The vast majority of apps in the App Store pay nothing to Apple. The company only collects a commission on digital goods and services sold within the App Store, since those sales are processed through its proprietary payment system.
Free apps that process subscriptions within the App Store using Apple’s payment processing system (like Hulu or Pandora) pay a 30 percent commission for the first year of that subscription and 15 percent for subsequent years.
Spotify has circumvented this fee by requiring users to subscribe outside the app. An Apple-user who wants to subscribe to Spotify Premium must sign up through the company’s website; afterward, the user can listen to music on the iOS Spotify app. Apple does not collect any commission on these subscriptions.
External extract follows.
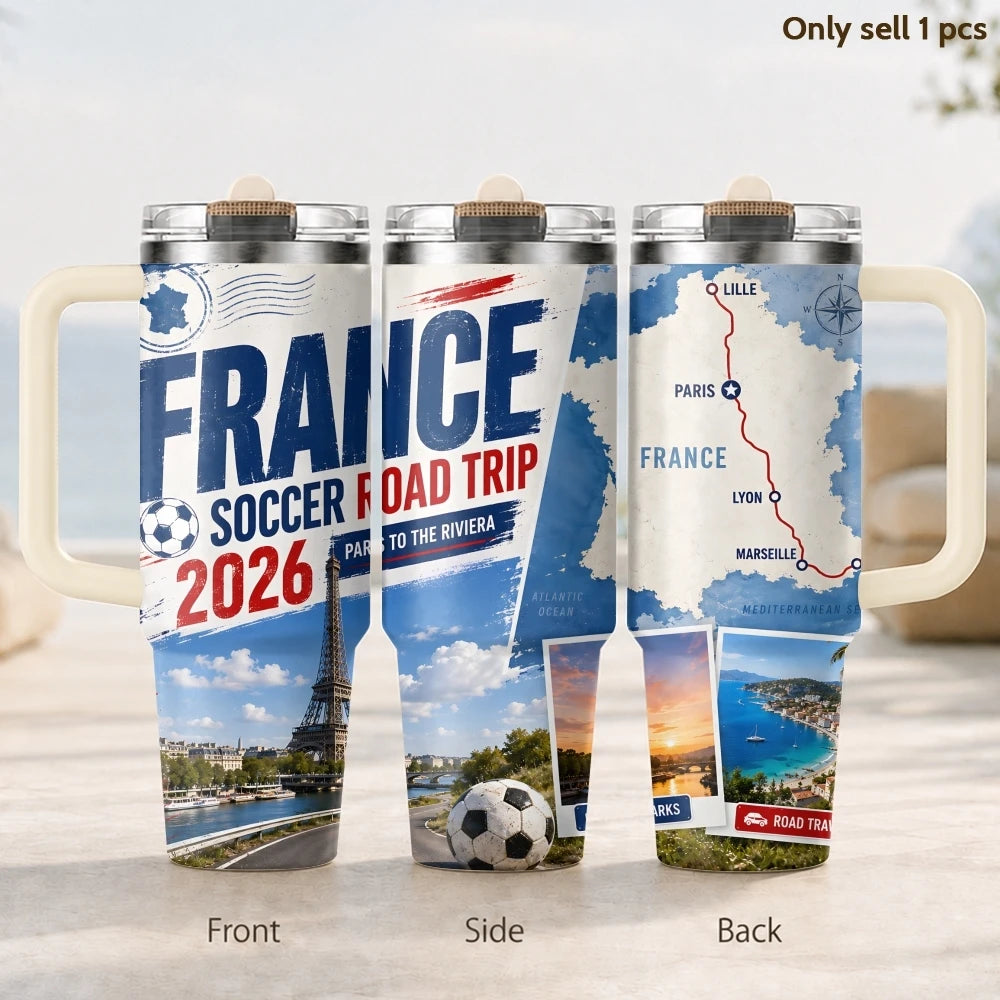 USA Soccer Road Trip 2026 Vacuum Flasks 40oz 3rd Gen Insulated Stainless Steel Tumbler Cup with Handle Straw Lid for Gifts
But now Spotify wants to conduct sales through the App Store without paying for Apple’s payment processing services.
In a blog post, the company’s CEO Daniel Ek wrote that if it were to pay the commission, it would need to raise its prices and therefore couldn’t compete with Apple Music. So Spotify wants to force Apple to either stop collecting commission on in-app purchases or offer other payment options within the App Store.
In other words, it wants to access Apple’s platform, utilize its software tools and use its payment system for free.
The App Store provides a reliable and secure place for apps to conduct transactions. Spotify doesn’t get to call the shots or demand to use Apple’s digital infrastructure for less money, especially since the streaming company is thriving by having users subscribe outside the app.
It’s time that Spotify becomes willing to pay for the services it’d like to use.